Charter's stock has been hammered since the company went public in November, losing about 37 percent of its value from its initial pubic offering price.

Charter went public at $19 each Nov. 9, raising $3.7 billion in the fourth-largest IPO in U.S. history. Lately, it has traded in the $12-per-share range. The stock closed at $12.69 June 7, down 25 cents.

"I share your disappointment in our stock's performance to date," Kent told the audience at the meeting, which was held in Bellevue, Wash., hometown of Charter's chairman and largest shareholder, Paul Allen.

"The general market conditions have contributed to the malaise in cable stocks," he added. "Year-to-date through May, the average cable stock is down 37 percent, with recent IPOs being impacted the most."

He continued: "Since last June, there have been four cable initial public offerings with an average drop of 54 percent in their price. Charter's IPO has performed at the industry average, declining 37 percent year-to-date. As we continue to meet or exceed our financial goals, I am optimistic that it will result in a premium valuation of Charter in the marketplace."

Kent pointed to Charter's increased cash-flow and revenue growth in the past year-10.6 percent and 6.8 percent, respectively-as well as to rapid growth in customers taking advanced services.

The MSO's digital-cable subscriber count rose to 225,000 in the first quarter, up from about 175,000 in the fourth quarter, and high-speed-data customers grew to 123,000 from 84,000. The company also began rolling out a video-on-demand service in Georgia with Diva Systems Corp., and it should expand that to Los Angeles within the next few months.

Charter is carrying a heavy debt load-$6.8 billion in bank debt and $5 billion in high-yield debt.
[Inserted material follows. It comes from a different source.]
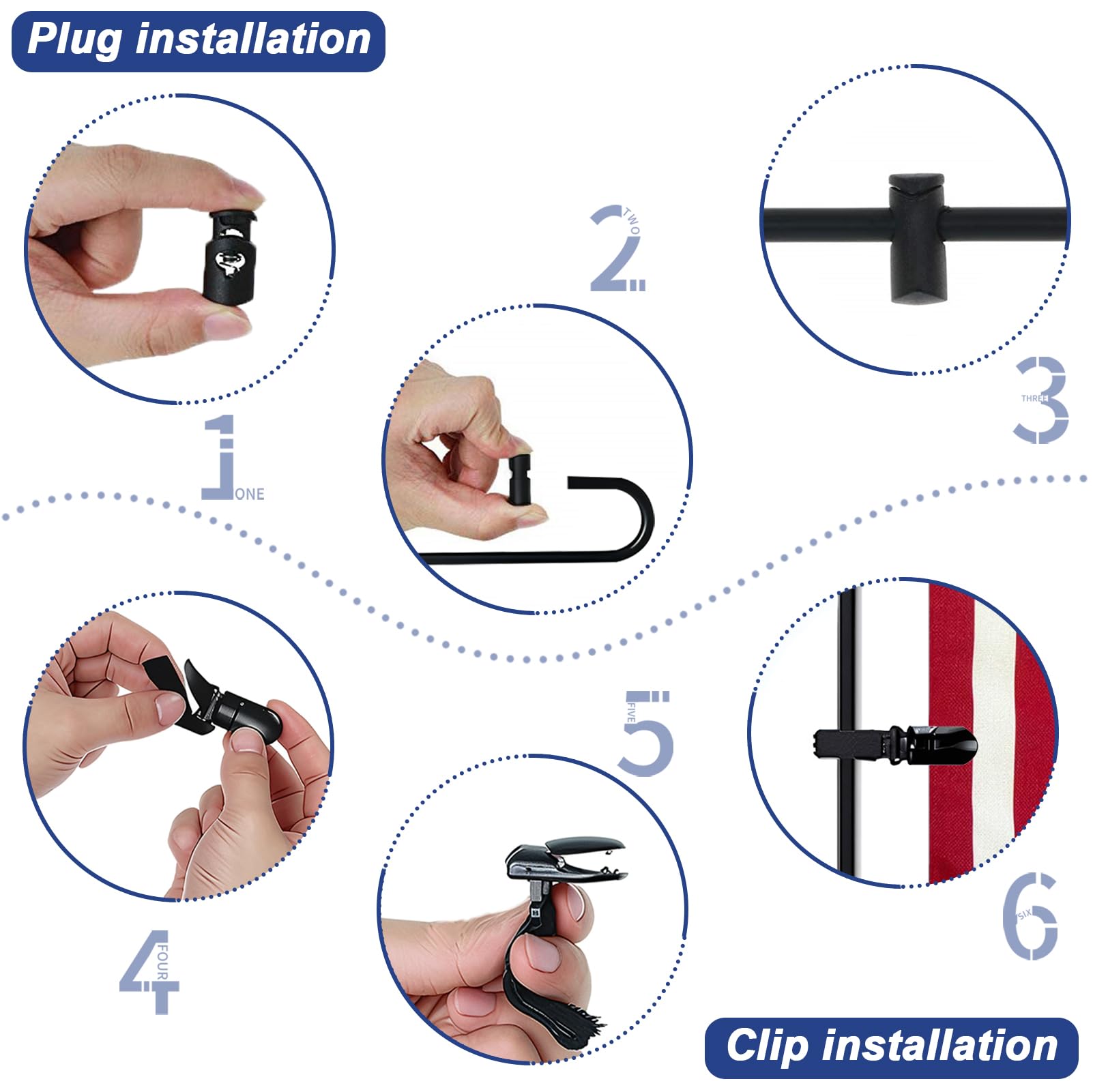 TOPFLAGS three-piece pole with black powder coating for weather resistance.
Kent said the company is working toward reducing debt, and it is making progress.

"When we first did our high-yield road show [last year], we indicated that our goal was to reduce our debt-to-cash-flow ratio to under eight times, and the goal over the next five years is to reduce it to five times," Kent said. "That would make our debt investment-grade and would give us significant benefits in terms of interest rates. We are still on target to meet that objective."

Kent said a plan to further reduce debt through an offering of convertible preferred stock is on hold pending an increase in the company's stock price.
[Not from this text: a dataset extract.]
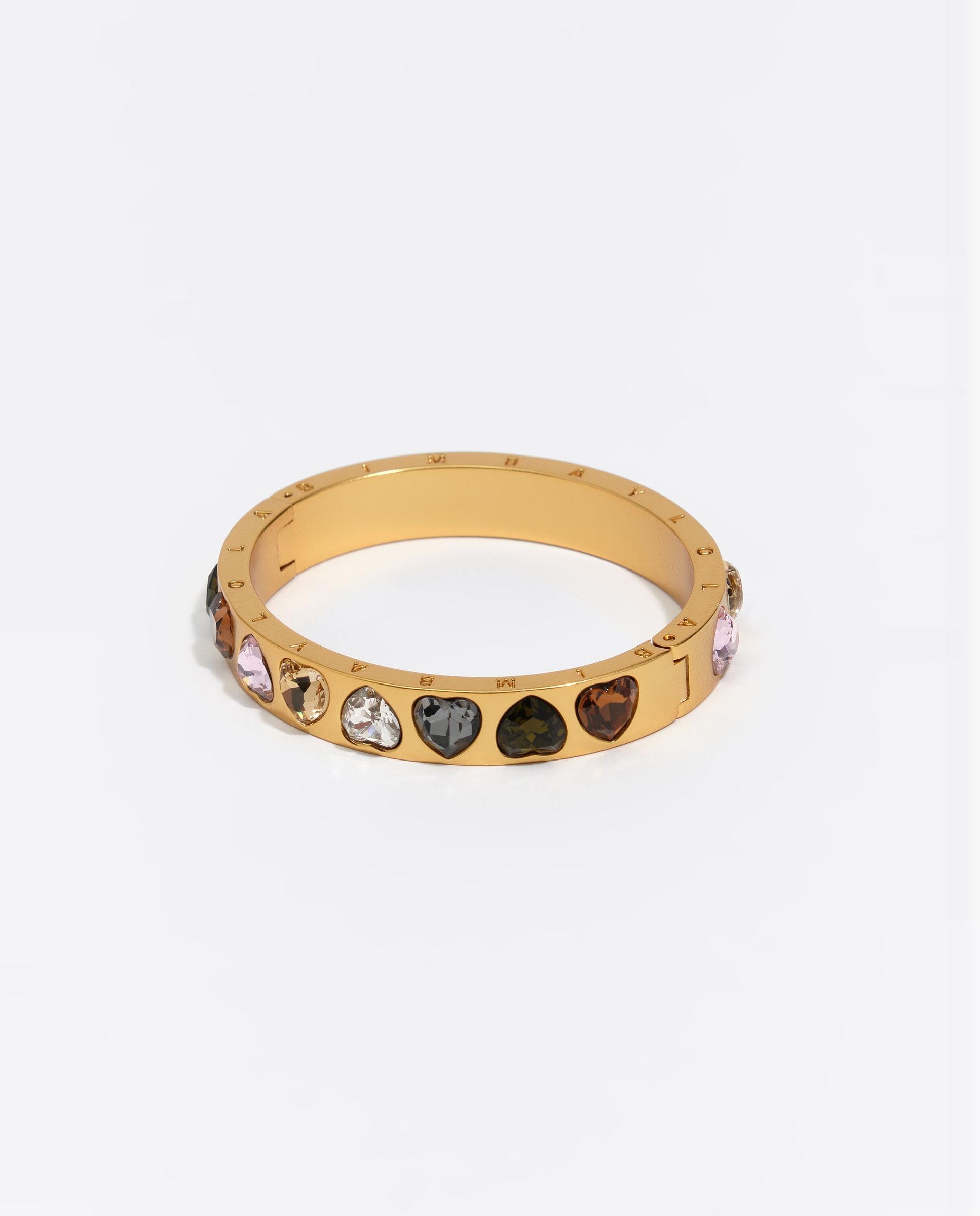 Imagen 0 de Pulsera rígida cristales corazón Dorado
"Clearly, where our stock is today, we are not going to go out with a strike price that is under our IPO price," Kent said. "As market conditions improve, we will be able to issue preferred stock and reduce our indebtedness."

Still, Charter has more than enough money to continue its aggressive upgrade plans and to roll out new services. Kent said the company recently secured a commitment from investment bank Morgan Stanley Dean Witter & Co. for $1 billion that will fund the company well into 2001, even with accelerated capital spending.

Upgrade plans include making more than 70 percent of Charter systems 550 megahertz or greater by the end of the year, he added, with the vast majority of systems at 750-MHz capacity.